§ **Requirement**: Using the entries below, output each line exactly from the first through the one that contains "Coro RTVE y".

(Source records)
▶

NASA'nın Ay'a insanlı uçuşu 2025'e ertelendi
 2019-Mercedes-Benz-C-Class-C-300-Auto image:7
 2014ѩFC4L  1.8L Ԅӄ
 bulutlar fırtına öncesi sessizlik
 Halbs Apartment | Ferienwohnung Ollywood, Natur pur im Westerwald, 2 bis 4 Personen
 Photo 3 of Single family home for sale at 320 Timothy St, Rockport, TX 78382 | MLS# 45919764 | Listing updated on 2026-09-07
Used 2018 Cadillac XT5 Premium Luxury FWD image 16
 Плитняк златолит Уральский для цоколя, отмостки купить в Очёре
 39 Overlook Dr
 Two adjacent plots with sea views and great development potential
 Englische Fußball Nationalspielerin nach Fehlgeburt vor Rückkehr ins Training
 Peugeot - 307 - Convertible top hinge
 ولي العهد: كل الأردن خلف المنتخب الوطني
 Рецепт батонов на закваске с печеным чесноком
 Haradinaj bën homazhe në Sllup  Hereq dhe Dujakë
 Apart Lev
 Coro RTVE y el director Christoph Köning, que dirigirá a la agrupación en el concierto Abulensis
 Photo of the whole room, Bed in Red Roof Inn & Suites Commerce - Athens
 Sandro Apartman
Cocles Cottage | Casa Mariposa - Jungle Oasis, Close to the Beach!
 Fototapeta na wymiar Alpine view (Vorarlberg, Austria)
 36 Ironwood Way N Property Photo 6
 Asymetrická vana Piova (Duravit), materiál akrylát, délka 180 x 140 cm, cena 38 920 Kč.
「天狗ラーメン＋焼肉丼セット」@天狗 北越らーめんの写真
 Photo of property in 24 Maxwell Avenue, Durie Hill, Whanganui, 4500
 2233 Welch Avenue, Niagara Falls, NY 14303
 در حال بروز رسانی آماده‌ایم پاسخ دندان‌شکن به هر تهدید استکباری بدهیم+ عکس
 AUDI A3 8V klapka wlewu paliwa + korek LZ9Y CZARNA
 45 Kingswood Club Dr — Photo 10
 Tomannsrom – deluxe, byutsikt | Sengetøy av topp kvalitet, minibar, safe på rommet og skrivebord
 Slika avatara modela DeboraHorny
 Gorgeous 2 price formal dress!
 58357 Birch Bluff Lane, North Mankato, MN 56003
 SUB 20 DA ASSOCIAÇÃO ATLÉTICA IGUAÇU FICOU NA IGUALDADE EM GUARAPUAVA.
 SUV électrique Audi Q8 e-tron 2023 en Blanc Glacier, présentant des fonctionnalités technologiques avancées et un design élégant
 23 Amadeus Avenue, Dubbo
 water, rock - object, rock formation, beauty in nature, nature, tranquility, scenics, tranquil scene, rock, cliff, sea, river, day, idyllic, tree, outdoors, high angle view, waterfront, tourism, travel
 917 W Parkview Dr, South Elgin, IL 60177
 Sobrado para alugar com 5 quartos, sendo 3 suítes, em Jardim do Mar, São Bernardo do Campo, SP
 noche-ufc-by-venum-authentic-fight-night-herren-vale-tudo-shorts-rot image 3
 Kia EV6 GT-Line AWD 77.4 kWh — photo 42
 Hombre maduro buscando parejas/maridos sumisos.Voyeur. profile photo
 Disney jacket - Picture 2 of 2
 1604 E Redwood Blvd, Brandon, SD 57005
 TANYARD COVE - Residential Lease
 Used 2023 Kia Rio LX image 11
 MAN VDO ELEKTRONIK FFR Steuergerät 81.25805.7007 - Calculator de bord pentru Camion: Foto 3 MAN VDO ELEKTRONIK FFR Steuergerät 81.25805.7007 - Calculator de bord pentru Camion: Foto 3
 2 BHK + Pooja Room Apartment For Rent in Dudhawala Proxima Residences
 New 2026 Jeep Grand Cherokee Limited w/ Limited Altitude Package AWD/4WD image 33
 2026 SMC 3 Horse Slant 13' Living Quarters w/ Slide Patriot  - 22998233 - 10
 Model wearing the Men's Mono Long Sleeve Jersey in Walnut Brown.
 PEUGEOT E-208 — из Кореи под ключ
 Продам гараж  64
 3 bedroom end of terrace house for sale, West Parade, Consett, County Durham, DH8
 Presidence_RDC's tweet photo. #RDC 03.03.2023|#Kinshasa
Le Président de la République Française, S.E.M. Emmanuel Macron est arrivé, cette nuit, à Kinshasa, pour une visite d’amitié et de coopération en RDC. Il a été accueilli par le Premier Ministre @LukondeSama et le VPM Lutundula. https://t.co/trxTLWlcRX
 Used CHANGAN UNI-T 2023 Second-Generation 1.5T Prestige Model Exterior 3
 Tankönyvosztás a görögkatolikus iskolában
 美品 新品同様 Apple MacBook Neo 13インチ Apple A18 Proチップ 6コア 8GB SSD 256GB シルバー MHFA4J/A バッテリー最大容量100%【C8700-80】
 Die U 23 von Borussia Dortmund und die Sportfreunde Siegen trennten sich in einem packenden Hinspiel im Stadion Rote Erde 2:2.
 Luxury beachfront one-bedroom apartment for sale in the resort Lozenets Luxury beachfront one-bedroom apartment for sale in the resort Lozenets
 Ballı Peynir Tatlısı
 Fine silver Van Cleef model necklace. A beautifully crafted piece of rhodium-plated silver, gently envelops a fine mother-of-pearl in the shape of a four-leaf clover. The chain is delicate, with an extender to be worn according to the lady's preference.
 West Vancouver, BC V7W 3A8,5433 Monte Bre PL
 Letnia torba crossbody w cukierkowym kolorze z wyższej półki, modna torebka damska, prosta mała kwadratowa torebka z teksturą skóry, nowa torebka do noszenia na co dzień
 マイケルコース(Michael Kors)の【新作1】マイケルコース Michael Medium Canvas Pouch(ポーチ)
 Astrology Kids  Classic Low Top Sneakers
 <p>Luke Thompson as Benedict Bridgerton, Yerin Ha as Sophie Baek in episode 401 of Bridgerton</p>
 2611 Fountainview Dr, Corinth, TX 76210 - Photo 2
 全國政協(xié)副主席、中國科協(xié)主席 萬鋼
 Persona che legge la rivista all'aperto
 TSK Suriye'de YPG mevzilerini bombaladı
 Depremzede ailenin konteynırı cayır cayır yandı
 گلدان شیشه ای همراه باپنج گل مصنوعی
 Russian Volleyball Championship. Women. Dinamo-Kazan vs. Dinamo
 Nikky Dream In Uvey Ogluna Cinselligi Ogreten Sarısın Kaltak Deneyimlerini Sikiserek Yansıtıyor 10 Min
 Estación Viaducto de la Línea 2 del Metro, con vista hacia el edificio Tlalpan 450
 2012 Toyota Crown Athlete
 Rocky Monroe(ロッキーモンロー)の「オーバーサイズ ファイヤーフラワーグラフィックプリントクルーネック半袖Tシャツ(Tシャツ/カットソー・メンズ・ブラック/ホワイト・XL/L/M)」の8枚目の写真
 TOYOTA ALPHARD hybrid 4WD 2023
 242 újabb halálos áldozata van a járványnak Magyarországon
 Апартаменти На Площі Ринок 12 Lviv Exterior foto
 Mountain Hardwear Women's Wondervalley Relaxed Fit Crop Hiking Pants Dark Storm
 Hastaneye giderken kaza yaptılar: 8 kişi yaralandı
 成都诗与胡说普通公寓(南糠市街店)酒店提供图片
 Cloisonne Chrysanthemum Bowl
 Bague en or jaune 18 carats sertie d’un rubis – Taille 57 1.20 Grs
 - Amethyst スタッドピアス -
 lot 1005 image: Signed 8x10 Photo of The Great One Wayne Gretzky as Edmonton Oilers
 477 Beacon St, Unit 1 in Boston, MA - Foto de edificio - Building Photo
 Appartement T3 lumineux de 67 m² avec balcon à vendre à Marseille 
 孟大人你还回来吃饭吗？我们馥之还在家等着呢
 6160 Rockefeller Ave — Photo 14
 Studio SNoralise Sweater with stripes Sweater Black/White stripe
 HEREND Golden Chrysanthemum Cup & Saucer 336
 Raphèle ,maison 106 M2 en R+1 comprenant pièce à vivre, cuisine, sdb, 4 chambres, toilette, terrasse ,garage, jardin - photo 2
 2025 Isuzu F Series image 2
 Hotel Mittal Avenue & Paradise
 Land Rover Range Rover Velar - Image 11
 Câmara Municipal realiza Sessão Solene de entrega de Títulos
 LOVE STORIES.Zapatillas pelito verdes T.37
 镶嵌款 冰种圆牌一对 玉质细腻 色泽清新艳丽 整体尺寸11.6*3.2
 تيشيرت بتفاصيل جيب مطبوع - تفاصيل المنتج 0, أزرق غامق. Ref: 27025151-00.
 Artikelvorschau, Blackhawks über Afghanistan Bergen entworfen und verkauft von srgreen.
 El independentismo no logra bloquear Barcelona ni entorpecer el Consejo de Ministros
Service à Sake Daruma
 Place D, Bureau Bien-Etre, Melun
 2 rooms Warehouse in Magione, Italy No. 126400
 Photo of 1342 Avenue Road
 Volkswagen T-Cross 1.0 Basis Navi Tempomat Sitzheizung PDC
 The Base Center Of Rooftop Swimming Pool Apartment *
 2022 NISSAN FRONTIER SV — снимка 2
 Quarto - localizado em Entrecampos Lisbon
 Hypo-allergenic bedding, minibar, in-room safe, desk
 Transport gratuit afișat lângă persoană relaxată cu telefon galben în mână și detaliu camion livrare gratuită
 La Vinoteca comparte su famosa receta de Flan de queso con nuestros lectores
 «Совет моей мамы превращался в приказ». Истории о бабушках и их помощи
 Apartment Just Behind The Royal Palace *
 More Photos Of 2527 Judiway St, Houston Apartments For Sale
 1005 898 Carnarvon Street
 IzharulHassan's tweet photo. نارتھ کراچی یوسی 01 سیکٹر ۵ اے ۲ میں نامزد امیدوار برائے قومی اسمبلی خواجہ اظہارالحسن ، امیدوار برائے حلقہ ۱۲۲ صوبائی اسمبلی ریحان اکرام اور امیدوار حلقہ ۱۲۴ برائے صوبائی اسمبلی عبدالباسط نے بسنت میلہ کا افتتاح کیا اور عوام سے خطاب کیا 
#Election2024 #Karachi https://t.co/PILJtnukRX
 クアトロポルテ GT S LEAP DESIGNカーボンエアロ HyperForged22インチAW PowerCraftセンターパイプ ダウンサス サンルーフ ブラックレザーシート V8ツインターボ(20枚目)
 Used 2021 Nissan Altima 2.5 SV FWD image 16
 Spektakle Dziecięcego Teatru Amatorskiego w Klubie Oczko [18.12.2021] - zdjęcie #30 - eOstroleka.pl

◀

§ **Solution for this exercise**:
NASA'nın Ay'a insanlı uçuşu 2025'e ertelendi
 2019-Mercedes-Benz-C-Class-C-300-Auto image:7
 2014ѩFC4L  1.8L Ԅӄ
 bulutlar fırtına öncesi sessizlik
 Halbs Apartment | Ferienwohnung Ollywood, Natur pur im Westerwald, 2 bis 4 Personen
 Photo 3 of Single family home for sale at 320 Timothy St, Rockport, TX 78382 | MLS# 45919764 | Listing updated on 2026-09-07
Used 2018 Cadillac XT5 Premium Luxury FWD image 16
 Плитняк златолит Уральский для цоколя, отмостки купить в Очёре
 39 Overlook Dr
 Two adjacent plots with sea views and great development potential
 Englische Fußball Nationalspielerin nach Fehlgeburt vor Rückkehr ins Training
 Peugeot - 307 - Convertible top hinge
 ولي العهد: كل الأردن خلف المنتخب الوطني
 Рецепт батонов на закваске с печеным чесноком
 Haradinaj bën homazhe në Sllup  Hereq dhe Dujakë
 Apart Lev
 Coro RTVE y el director Christoph Köning, que dirigirá a la agrupación en el concierto Abulensis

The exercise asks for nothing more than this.